Avec cette nouvelle déclinaison idéaliste d’un monde supérieur, nous avons renvoyé la réalité dans la sombre caverne que décrivait Platon, dans ses chaînes, ses illusions, ses bas-fonds trompeurs. L’intelligence supérieure des eidos - disons aujourd’hui des algorithmes - se situe désormais dans la lumière bleutée de nos écrans cathodiques.
Mais ce n’est là qu’une réactivation du mythe platonicien, qui comporte ses vertus indéniables, mais aussi ses illusions tout aussi indéniables. Pourquoi l’humanité bascule-t-elle toujours d’un pôle à l’autre, d’ici-bas vers un Dieu transcendantal, puis de ce Dieu vers la réalité matérielle, puis à nouveau de cette réalité vers un ailleurs numérique ? Nous sommes hypnotisés par le virtuel aujourd’hui, comme jadis par le ciel divin. Nous en attendons tout. Et nous déclarons le réalisme obsolète. Nous développons de la pensée magique, nous sommes assoiffés de gadgets, de sorcellerie numérique et d’évasion virtuelle.
Il serait prudent d’établir plus lucidement un équilibre moins schizophrénique entre le réalisme et le numérisme. Je ne propose pas de dévaloriser le virtuel, mais d’exercer nos capacités de fascination critique face à l’attraction que nous en ressentons.

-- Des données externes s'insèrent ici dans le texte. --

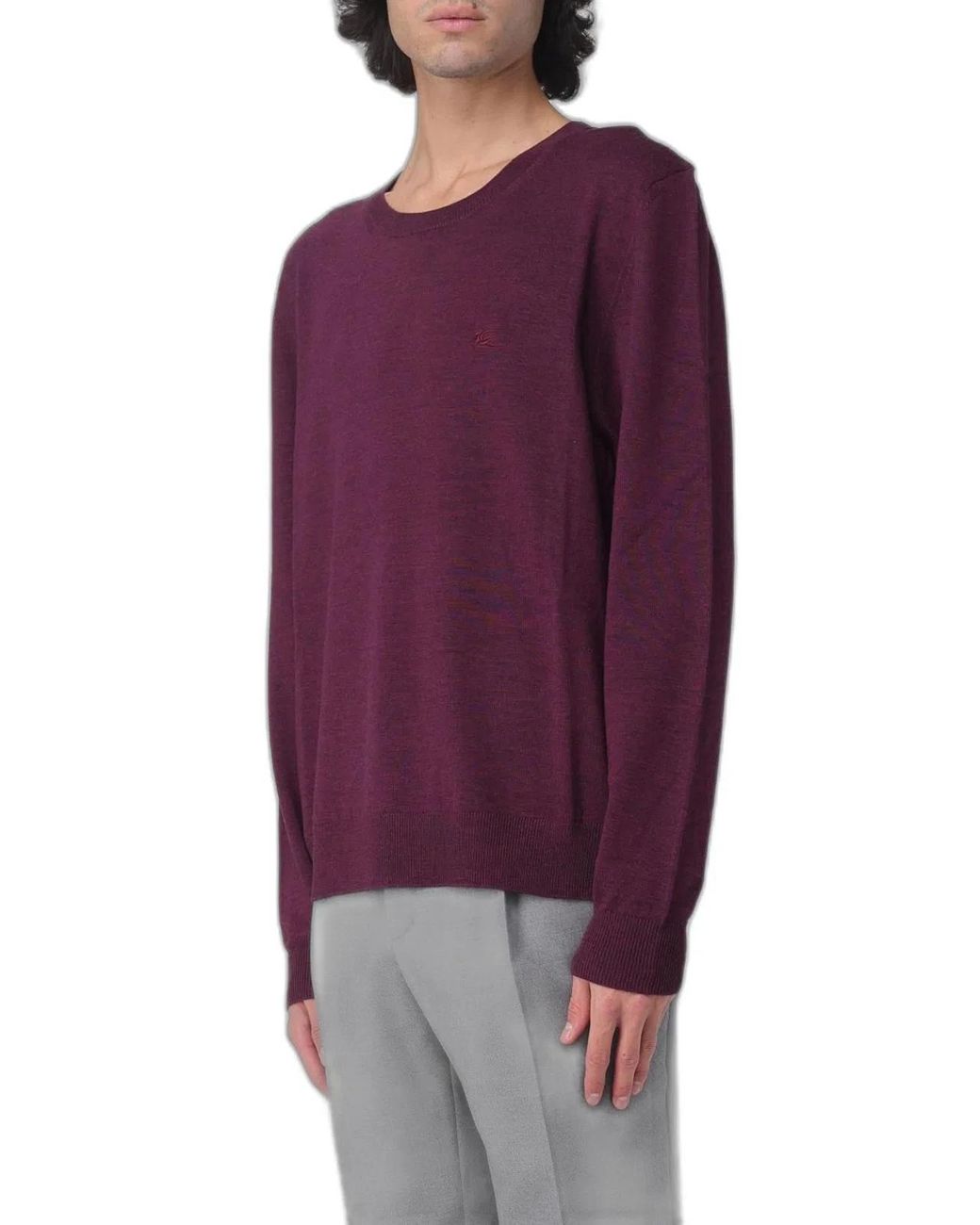 Etro Purple Knitted C-Neck for men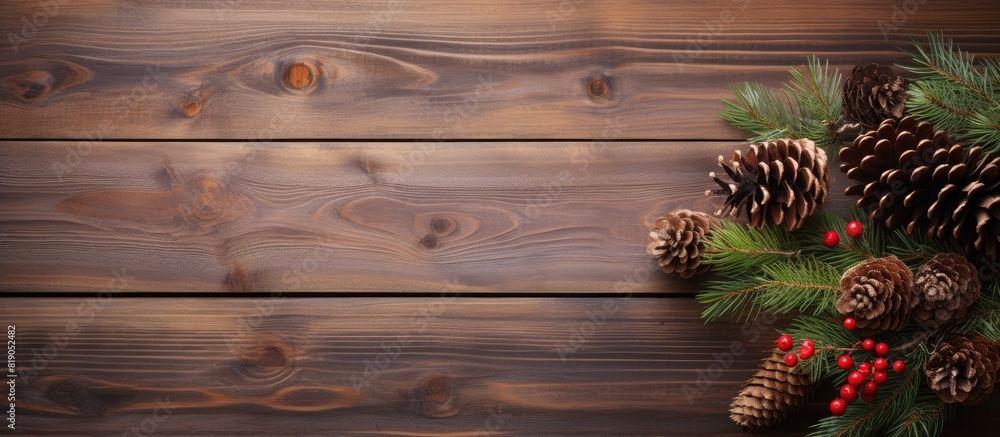 Aufkleber A festive winter arrangement consisting of pine cones and spruce branches placed on a wooden surface in a top down perspective perfect for adding copy space to the image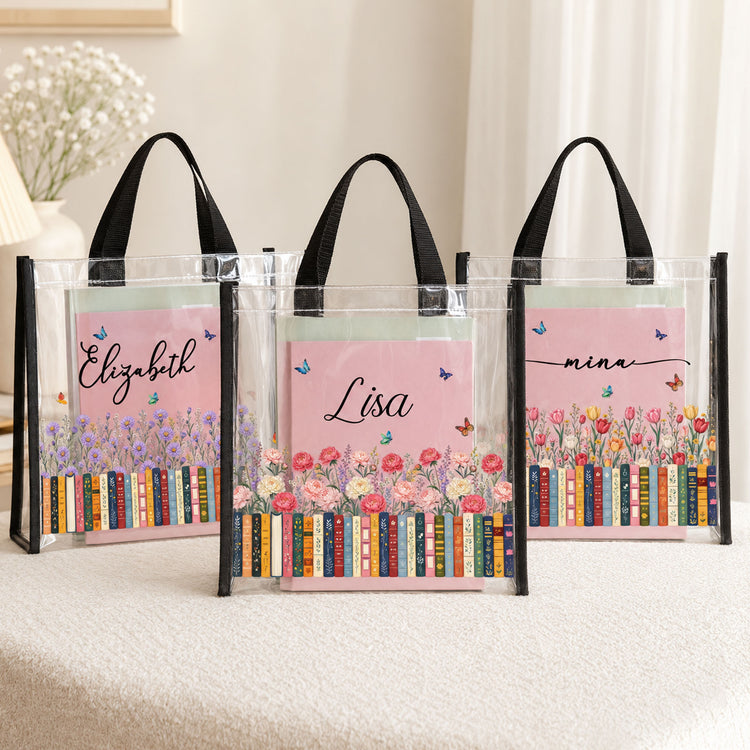Custom Name & Birth Flower For Her, Friends, Book Lovers, Book Clubs, Daughter, Friends - Custom Tote Bag 1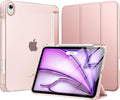 MoKo for iPad Air 11 inch Case (M4/M3/M2) 2026/2025/2024, iPad Air 5th/4th Gen 10.9 inch Case 2022/2020 with Pencil Holder, Slim Trifold Cover with Hard PC Translucent Back Shell,Rose Gold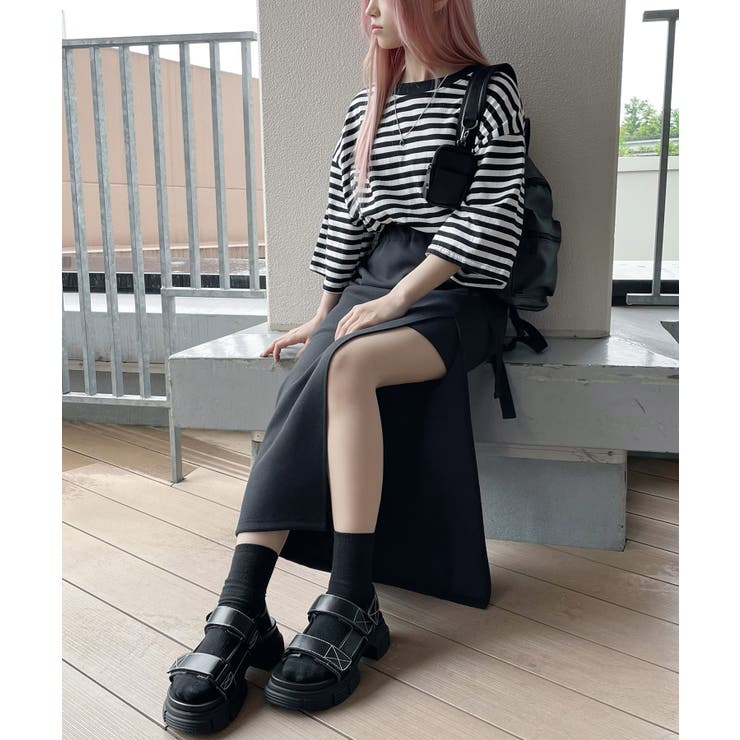 【earth】inscrire Tシャツ　ボーダーパンツセット セール】DRAW CORD MULTI BORDER TEE / ドローコードマルチ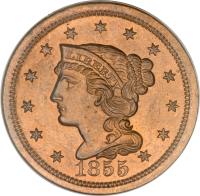 obverse of 1 Cent - Braided Hair Cent (1839 - 1857) coin with KM# 67 from United States. Inscription: LIBERTY 1855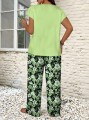 Zestaw spodnie pasek bluzka (2XL)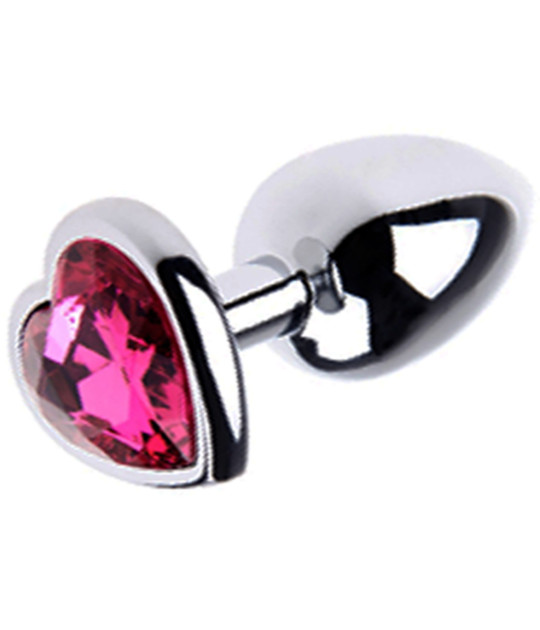 PLU002PNKS Small Metal Plug Heart Pink
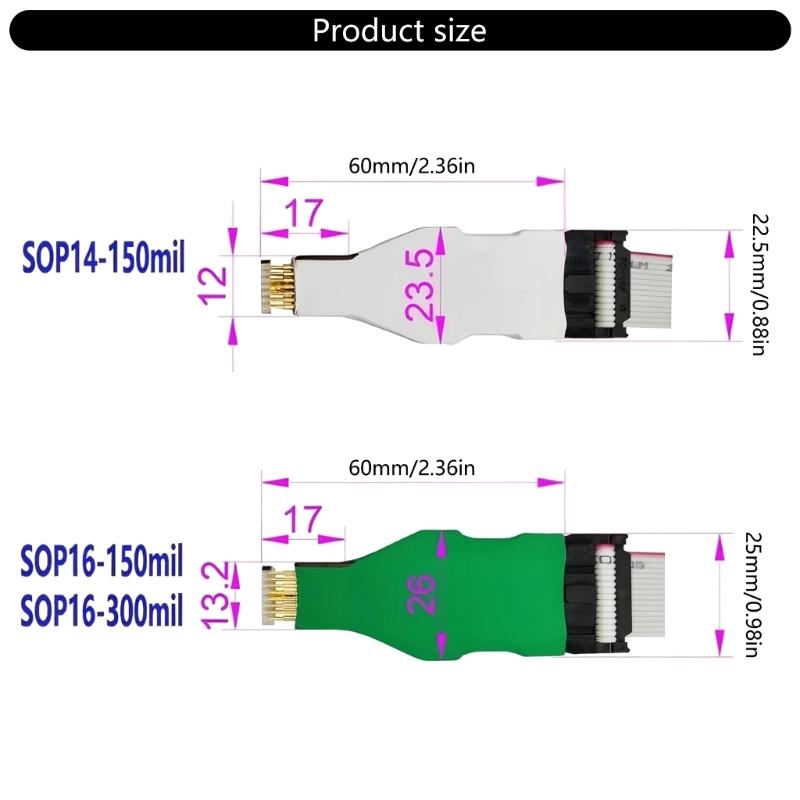 Chip Programming Download Cable For SOP14 150mil/SOP16 150mil/SOP16 300mil Easy To Use Probe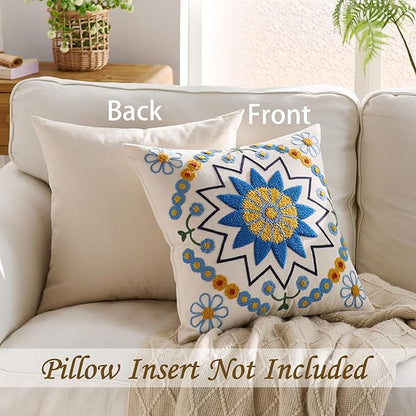 Embroidered Throw Pillow Cover 18x18 Classic Boho Floral Pattern Pillows Cover Outdoor Decorative Pillowcase,Durable Cozy Textured Cushion Case for Sofa Couch Bed Living Room,Blue Orange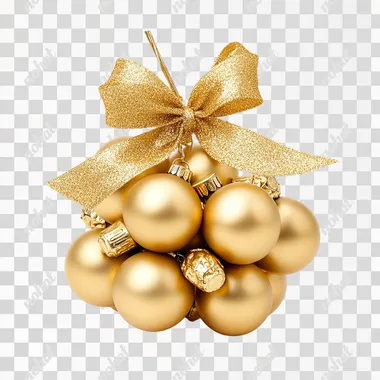 photographic image of a cluster of gold decorative Christmas balls tied together with ribbon and bow reminiscent of grapes, no background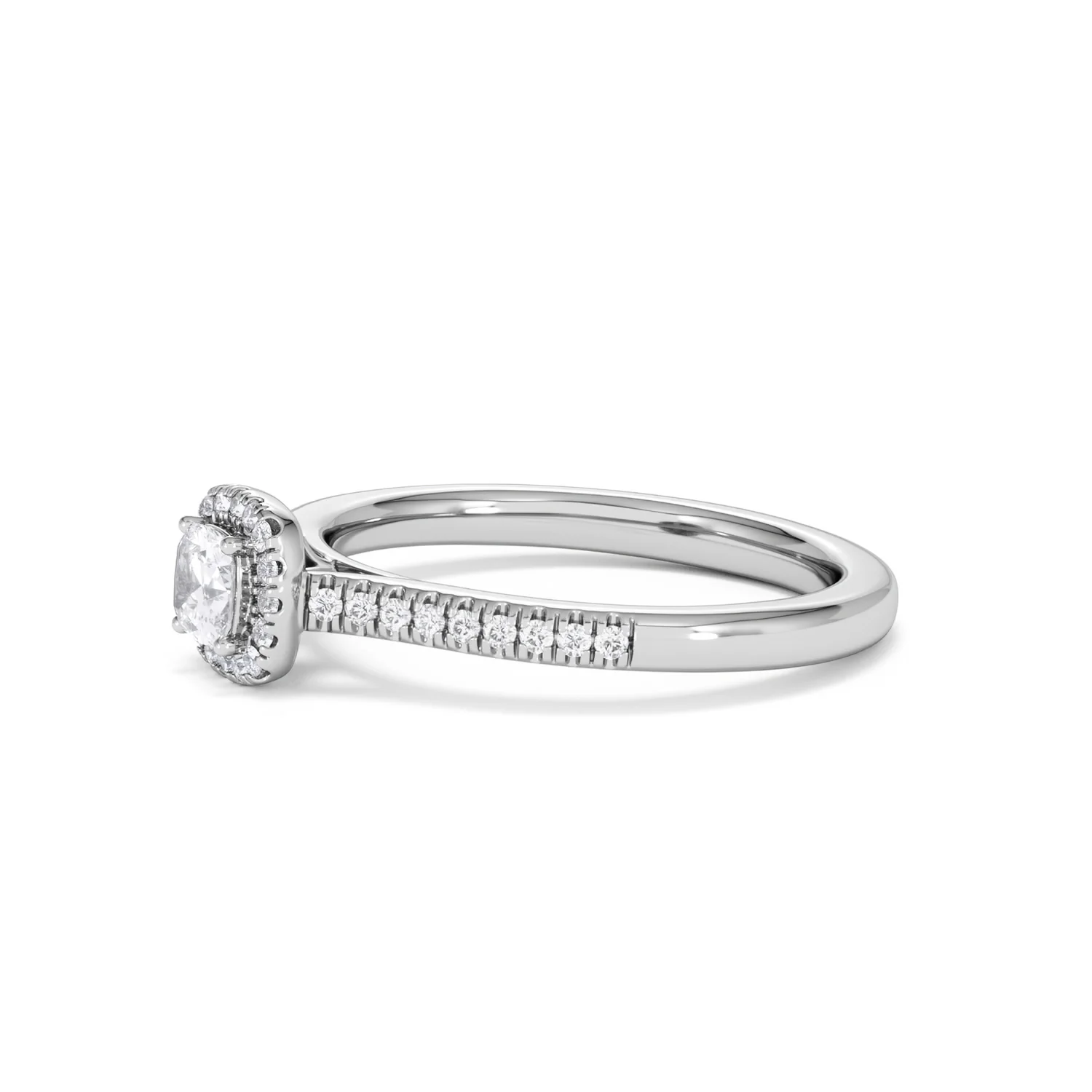 Lumia Cushion Cut Lab Diamond Halo Ring 0.50ct F/VS in 925 Silver - Image 76
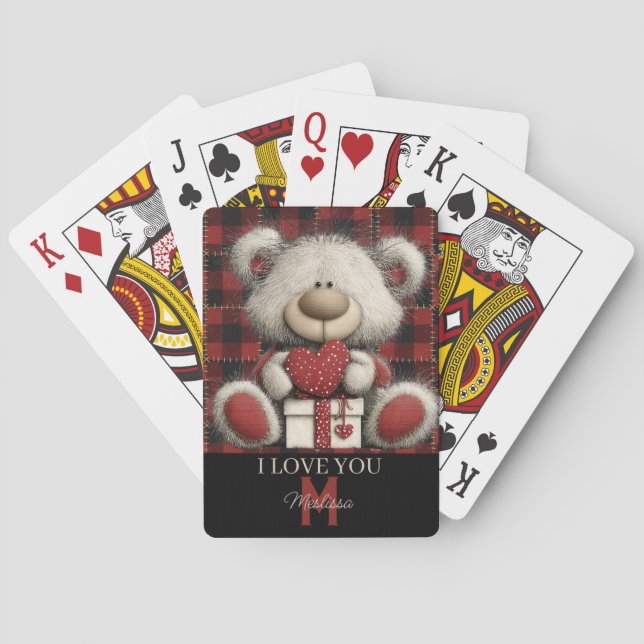 Baralho Urso Xadrez Vermelho Eu Te Amo Nome Personalizado  (Verso)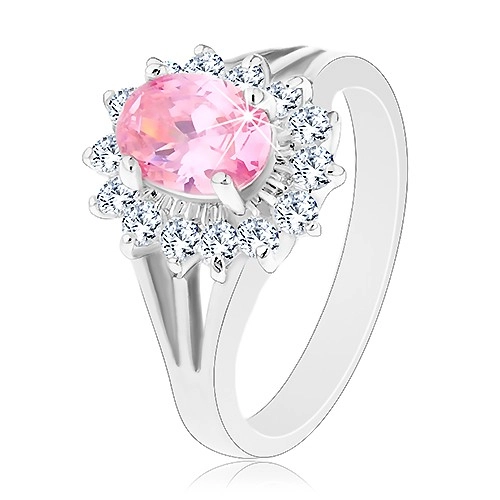 Prsten se zirkonovým květem v růžové a čiré barvě, rozdělená ramena - Velikost: 62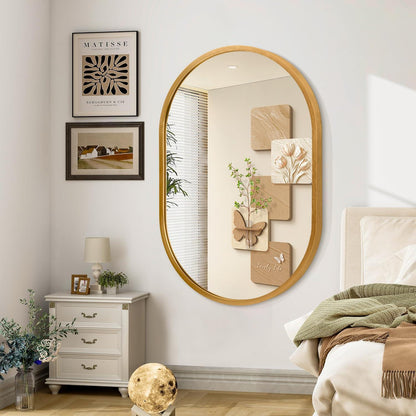 Ovaler Wandspiegel 70x50cm - Goldener Metallrahmen, Modern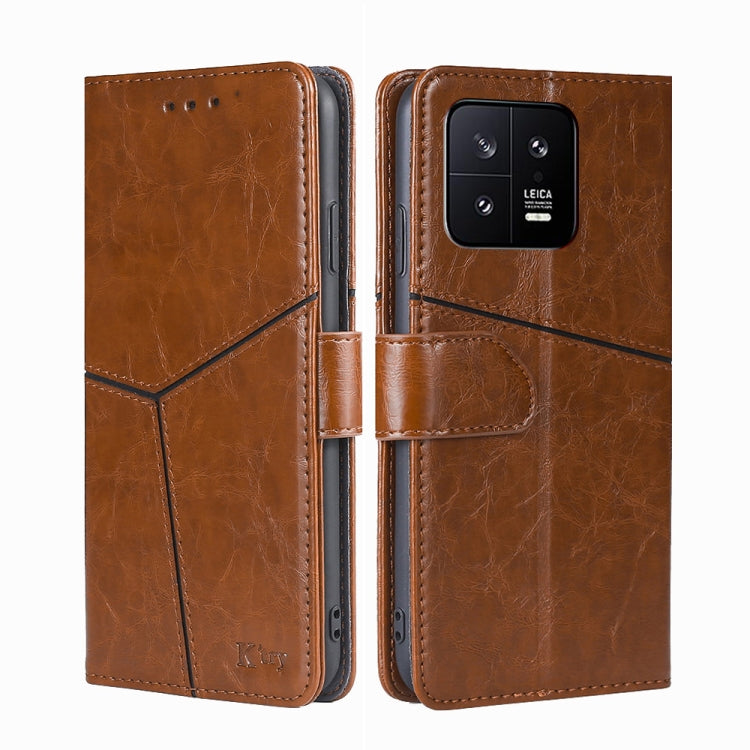 Geometric Stitching Horizontal Flip Leather Phone Case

Il est nécessaire aujourd’hui, sans plus attendre, de revaloriser le monde réel, qui demeure incontestablement plus extraordinaire, plus surprenant, plus mystérieux, plus difficile à conquérir que le monde virtuel. Plutôt que de les opposer, nous gagnerons beaucoup à conjuguer le réel et le virtuel comme deux mythes qui se complètent nécessairement. Contrairement à la confrontation radicale de l’ici-bas et du ciel divin, que nous avons connu dans l’Occident chrétien, l’âge du numérique appelle à réconcilier le réel et le virtuel, comme le furent le réel et les énergies à l’âge du feu. On ne saurait échapper aux mythes, qui structurent et imagent notre pensée. Mais il est dangereux de s’abandonner à leurs excès. On a vu les effets pervers qui peuvent résulter de cette crédulité pendant les siècles de chrétienté.
C’est cette lucidité que tente d’établir la mythanalyse, non seulement en tentant de déchiffrer nos imaginaires sociaux actuels, mais aussi en nous aidant à mieux évaluer et gérer collectivement nos mythes.